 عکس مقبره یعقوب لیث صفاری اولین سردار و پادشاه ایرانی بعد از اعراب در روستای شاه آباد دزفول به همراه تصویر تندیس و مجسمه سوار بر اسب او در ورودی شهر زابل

+===+

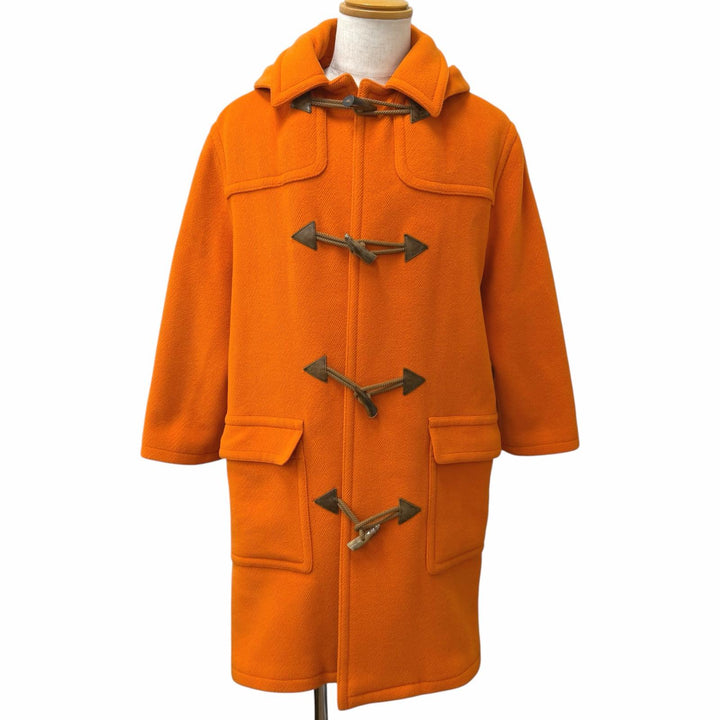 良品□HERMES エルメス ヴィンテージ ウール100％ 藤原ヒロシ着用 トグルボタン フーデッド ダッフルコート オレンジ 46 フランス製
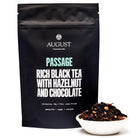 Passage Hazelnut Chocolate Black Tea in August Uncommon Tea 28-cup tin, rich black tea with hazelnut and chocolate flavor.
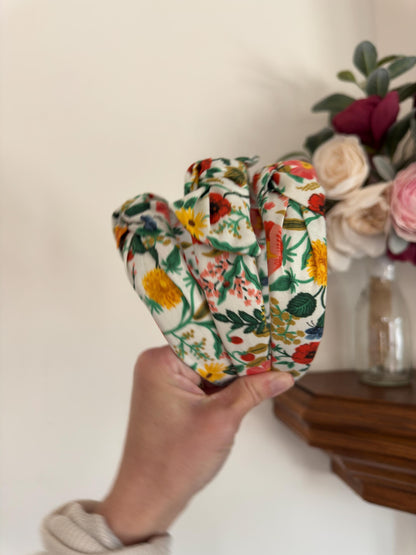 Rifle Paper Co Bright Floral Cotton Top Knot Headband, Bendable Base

+===+

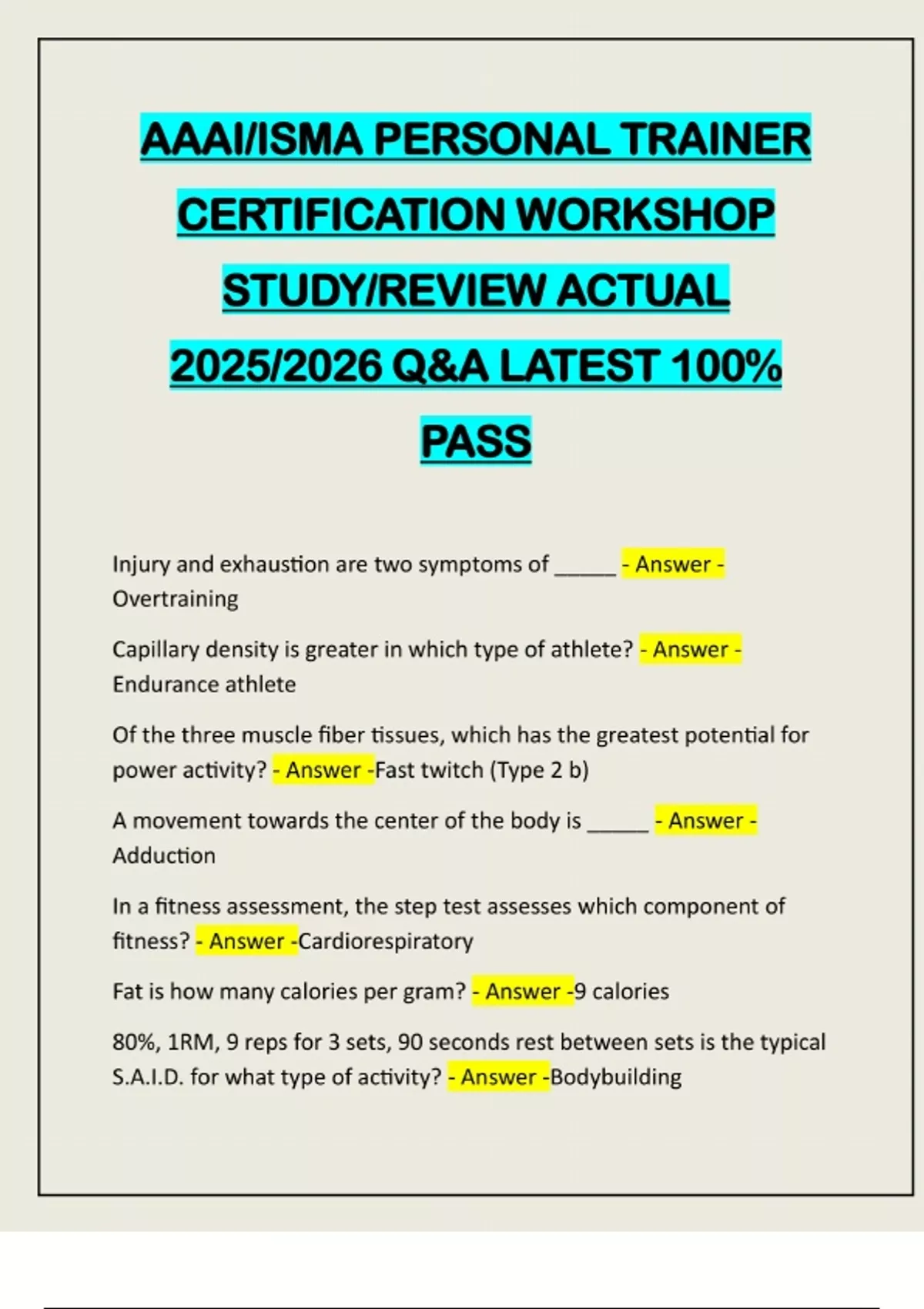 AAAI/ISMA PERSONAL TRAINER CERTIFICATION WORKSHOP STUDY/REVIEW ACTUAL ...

+===+

Required action: In the records above, find the line with "Passage Hazelnut Chocolate" and the line with "Rifle Paper Co". Write out exactly those lines and every one between, with no pictures and no other lines.

Problem solution:
 Passage Hazelnut Chocolate Black Tea in August Uncommon Tea 28-cup tin, rich black tea with hazelnut and chocolate flavor.
 Rifle Paper Co Bright Floral Cotton Top Knot Headband, Bendable Base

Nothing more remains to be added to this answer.